The following day I chose a route close to where we were parked (rather than choosing the route then trying to park nearby) and early in the afternoon I set out, telling Mick at what time to expect me back.

Much to Mick's surprise, I returned within half an hour and at a sprint. Having walked across the village to find the start of the trail, I only made it five minutes further before giving up on it for being too overgrown. Probably a good thing I didn't push on in the hope of it improving, as heavy rain hit when I was about 100m away from Bertie (hence the sprint finish).

The only photo I took on this outing showed the power station gubbins in the foreground. Lovely scenery beyond that, though.

Yesterday we did no more than potter, and even then we got drenched. The west coast of Norway is having a wet summer.

Today promised us patches of blue sky, with only a small chance of showers. Accordingly, of the options presented by the 'recommended hikes' leaflet from the tourist office, we chose the one that went highest, promising a good summit with excellent views.

The arrow points at our objective.

The 2km along residential streets to get to the start point turned out to be the best thing about this truly awful outing.

This snap is a good representation of what it was like:

What you can't see in the snap is that the rocks along the route had all of the grippiness of a greased pole. In between the rocks was water, either standing or running, often in huge and unavoidable wallows. It has rained a lot, and heavily, lately, so maybe it's not always so bad.

Being in woodland this was the only view we had on our upward journey, and even that required a small detour from the path

Optimistically, we pushed on, painfully slowly, hoping for an improvement around every corner. Eventually patience ran thin and the trail was given ten more minutes to improve; if it was still awful we would turn around. By ten minutes later the thought of retracing our steps was worse than the thought of pressing on to a junction where the map said we could pick up a track. It gave a very indirect escape route, but looked the preferable option.

Maps can be deceptive. This was the state of the track:

Overgrown and sodden. On the plus side, the rocks like greased poles were now absent. On the negative side, they had been replaced by actual greased poles in the form of banks of tree trunks long ago laid across the track for form a solid walking surface, but now covered in slime.

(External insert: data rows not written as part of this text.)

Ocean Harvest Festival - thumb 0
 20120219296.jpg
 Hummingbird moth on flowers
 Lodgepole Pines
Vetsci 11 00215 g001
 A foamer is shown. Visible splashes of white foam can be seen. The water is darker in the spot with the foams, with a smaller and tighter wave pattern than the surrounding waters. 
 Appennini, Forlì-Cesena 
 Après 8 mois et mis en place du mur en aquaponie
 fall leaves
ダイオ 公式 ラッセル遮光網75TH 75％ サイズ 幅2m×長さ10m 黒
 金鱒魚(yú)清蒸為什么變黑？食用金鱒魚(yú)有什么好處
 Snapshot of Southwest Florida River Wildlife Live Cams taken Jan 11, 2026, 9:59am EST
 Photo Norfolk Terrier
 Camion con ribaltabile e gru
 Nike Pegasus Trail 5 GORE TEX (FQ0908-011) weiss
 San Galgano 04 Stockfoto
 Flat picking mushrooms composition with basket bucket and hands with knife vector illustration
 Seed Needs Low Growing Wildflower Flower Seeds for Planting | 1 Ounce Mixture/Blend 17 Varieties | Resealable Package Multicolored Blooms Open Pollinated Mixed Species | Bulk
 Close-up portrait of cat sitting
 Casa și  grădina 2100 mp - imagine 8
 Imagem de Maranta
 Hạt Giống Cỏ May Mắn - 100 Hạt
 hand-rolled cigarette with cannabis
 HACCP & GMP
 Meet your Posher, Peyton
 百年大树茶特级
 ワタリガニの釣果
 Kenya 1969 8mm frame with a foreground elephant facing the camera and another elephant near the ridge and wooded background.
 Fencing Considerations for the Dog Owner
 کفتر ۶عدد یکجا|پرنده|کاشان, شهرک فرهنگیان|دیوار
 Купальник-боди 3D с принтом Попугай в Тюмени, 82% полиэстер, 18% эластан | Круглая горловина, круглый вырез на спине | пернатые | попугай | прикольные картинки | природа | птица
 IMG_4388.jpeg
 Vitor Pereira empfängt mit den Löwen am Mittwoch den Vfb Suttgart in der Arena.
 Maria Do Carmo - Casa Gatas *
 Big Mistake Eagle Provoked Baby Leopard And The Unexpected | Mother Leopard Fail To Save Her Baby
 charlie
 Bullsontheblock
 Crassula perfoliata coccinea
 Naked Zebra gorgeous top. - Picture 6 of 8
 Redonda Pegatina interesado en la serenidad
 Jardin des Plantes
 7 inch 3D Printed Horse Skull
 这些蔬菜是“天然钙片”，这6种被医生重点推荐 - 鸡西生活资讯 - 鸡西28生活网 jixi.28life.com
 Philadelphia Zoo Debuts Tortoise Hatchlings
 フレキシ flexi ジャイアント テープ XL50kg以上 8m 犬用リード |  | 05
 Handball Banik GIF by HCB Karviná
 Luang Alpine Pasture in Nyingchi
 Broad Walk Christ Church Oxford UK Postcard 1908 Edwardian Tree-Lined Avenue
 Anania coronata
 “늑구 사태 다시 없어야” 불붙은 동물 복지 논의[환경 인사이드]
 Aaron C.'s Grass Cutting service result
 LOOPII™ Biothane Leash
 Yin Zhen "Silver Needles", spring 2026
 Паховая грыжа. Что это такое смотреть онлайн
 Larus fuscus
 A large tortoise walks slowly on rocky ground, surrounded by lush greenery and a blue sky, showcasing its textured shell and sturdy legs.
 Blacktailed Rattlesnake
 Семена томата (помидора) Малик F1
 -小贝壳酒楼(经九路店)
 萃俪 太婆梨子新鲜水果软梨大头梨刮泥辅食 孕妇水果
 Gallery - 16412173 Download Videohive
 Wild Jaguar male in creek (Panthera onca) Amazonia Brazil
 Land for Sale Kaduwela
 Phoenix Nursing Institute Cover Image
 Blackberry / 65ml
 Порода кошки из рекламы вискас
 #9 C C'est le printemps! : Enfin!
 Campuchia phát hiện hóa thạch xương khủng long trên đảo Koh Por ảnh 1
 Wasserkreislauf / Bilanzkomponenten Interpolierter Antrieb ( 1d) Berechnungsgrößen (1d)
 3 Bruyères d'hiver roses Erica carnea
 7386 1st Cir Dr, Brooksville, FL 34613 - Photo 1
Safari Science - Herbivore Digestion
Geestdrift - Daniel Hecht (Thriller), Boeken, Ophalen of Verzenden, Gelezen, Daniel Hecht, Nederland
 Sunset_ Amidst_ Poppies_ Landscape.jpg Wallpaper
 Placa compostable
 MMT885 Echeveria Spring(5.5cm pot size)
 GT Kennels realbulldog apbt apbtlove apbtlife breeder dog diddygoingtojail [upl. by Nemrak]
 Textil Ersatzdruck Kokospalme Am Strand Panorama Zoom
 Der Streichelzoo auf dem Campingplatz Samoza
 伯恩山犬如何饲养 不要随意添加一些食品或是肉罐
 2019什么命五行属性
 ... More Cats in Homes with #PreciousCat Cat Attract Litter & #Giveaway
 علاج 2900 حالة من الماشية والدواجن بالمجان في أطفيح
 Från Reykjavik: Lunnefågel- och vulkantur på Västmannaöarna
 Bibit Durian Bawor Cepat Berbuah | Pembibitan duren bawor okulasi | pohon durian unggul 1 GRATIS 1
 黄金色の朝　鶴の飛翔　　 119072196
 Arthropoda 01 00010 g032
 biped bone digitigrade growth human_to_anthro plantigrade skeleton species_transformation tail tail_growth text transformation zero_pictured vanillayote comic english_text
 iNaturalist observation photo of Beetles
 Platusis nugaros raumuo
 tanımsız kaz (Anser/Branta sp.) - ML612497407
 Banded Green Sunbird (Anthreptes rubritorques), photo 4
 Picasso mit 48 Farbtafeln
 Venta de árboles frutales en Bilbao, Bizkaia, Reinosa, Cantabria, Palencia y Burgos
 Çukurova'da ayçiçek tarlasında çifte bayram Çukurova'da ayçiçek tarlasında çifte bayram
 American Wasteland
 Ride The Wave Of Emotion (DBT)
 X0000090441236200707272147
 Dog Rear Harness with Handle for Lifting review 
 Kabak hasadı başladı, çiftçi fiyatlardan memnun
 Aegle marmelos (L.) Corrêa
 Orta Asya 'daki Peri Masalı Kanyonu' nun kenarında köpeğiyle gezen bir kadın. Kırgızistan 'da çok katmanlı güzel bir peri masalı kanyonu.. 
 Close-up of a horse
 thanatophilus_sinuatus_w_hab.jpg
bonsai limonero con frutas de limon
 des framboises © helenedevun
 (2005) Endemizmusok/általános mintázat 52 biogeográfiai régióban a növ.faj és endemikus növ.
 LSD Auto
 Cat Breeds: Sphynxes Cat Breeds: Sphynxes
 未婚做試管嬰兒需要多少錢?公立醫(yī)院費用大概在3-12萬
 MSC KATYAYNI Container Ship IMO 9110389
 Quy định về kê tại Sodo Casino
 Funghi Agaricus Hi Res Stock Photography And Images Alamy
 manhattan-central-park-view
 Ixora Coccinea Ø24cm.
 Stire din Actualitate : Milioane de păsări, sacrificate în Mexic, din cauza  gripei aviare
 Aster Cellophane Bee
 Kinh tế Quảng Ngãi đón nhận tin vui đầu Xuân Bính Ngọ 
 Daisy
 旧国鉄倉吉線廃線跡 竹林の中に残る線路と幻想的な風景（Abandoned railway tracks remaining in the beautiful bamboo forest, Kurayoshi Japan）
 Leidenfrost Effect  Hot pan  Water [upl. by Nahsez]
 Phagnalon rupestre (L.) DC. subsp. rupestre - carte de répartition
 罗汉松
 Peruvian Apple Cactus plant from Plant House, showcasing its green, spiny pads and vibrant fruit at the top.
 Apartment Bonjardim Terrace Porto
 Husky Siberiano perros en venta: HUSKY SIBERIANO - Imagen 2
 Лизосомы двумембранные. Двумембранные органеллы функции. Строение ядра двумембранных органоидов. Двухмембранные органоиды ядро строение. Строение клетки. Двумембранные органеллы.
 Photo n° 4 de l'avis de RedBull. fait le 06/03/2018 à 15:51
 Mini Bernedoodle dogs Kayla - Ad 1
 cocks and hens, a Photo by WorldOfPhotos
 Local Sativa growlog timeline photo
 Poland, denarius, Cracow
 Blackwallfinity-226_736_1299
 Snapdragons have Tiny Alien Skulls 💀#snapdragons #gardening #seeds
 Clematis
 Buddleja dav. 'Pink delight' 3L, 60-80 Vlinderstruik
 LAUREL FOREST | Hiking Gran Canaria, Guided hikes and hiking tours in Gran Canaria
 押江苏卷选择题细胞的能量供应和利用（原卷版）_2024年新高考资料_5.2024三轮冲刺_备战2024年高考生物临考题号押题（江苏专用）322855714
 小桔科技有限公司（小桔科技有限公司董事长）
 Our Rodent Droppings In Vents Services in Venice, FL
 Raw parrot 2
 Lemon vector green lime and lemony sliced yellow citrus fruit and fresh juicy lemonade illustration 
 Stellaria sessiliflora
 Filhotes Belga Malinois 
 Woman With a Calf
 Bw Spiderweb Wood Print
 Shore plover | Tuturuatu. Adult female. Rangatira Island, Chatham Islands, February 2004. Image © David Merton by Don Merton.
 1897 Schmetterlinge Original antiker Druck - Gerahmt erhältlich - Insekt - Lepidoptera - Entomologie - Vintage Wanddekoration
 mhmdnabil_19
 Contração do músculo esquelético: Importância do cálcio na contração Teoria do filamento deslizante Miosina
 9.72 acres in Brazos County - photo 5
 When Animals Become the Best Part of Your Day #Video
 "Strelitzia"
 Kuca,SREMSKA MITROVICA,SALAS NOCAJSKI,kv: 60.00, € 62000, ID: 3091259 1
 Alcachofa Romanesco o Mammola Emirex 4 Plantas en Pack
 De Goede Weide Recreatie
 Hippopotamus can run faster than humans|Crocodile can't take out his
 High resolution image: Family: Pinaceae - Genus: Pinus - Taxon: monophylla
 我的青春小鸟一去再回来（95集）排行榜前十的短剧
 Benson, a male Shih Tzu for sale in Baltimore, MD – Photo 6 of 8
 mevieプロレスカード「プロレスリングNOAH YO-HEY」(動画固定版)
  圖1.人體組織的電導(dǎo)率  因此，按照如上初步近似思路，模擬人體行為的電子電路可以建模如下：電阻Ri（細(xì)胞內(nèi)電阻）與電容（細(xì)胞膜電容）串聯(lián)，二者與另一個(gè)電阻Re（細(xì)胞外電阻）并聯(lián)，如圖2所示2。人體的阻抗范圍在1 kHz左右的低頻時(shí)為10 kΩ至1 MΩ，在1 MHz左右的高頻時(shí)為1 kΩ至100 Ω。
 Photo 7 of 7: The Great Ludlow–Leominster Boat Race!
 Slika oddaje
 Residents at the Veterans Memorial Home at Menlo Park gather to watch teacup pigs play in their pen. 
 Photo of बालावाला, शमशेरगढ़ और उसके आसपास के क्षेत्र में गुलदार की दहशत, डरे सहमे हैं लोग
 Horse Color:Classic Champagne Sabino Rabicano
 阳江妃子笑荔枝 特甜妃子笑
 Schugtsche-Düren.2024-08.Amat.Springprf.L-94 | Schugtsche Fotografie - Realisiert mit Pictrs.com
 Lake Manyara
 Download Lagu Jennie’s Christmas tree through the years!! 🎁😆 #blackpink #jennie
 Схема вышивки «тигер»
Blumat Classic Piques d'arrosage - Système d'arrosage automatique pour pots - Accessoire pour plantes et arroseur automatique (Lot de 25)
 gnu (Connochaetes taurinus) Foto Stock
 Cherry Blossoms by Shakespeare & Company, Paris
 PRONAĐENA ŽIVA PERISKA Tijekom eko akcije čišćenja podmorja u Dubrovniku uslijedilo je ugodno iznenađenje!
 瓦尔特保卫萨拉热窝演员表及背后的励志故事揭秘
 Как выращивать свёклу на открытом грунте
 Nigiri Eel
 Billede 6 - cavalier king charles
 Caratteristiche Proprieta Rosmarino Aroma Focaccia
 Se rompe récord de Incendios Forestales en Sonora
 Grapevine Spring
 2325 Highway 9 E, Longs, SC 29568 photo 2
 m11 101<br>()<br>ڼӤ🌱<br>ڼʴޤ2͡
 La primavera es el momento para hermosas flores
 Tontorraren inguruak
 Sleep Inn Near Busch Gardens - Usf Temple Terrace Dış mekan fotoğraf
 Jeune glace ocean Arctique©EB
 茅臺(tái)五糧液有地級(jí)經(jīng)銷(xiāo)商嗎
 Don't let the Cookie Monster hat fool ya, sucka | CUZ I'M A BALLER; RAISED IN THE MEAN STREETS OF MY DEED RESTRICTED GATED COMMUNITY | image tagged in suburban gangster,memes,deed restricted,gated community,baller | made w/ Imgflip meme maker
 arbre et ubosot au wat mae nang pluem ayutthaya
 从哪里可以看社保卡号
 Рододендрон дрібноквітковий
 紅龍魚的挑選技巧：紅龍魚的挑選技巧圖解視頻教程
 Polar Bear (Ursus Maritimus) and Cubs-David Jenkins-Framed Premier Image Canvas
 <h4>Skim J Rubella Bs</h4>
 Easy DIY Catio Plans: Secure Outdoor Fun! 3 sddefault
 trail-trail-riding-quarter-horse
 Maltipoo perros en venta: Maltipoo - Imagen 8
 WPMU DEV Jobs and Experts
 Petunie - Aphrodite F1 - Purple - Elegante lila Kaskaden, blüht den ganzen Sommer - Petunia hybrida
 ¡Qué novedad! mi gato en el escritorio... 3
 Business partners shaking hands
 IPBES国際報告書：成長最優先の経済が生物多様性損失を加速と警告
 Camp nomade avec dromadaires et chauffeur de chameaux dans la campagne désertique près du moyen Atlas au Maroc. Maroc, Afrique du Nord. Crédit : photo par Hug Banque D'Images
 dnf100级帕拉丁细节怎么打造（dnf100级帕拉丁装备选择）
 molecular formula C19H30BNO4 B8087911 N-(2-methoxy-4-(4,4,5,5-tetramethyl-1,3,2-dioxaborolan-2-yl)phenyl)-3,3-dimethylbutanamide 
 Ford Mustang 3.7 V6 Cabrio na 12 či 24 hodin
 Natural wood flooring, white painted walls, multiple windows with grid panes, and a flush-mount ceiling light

Then there were the stream crossings:

We finally got back to Bertie having covered around 10.5km (our intended circuit, including the summit, would have been 12km) with around 500m ascent, and with the only good point about the outing being this art work seen on the side wall of a school that we passed in getting to and from the start of the trail:

The second snap is for scale

Thankfully the shower, visible on the left of this photo, skirted us. That would have been the icing on the cake.